0.92 g of (S) -1H-4,5-dihydro-1- (1,1-dimethylethyloxycarbonyl) -2- (4-methylphenyl) -5- (1-methylethyl) -imidazoline (3. (05 mmol) was added 6 ml of trifluoroacetic acid under ice-cooling and stirred for 2 hours. After evaporating the solvent under reduced pressure, ethyl acetate and an aqueous sodium hydrogen carbonate solution were added to the resulting residue, and the mixture was extracted with ethyl acetate.
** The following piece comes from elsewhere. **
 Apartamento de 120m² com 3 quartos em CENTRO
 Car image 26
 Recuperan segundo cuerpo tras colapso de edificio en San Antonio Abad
The ethyl acetate layer was washed with aqueous sodium hydrogen carbonate solution and brine, dried over anhydrous sodium sulfate, and the solvent was evaporated under reduced pressure to give (S) -1H-4,5-dihydro-2- (4 0.43 g of -methylphenyl) -5- (1-methylethyl) -imidazoline was obtained.

¹ HNMR (CDCl ₃ δ (ppm))
0.90 (d, 3H, J = 6.9Hz), 0.98 (d, 3H, J = 6.9Hz), 1.72-1.85 (m, 1H), 2.38 (s, 3H),
3.51-3.60 (m, 1H), 3.73-3.92 (m, 2H),
7.20 (d, 2H, J = 7.7Hz), 7.71 (d, 2H, J = 7.7Hz)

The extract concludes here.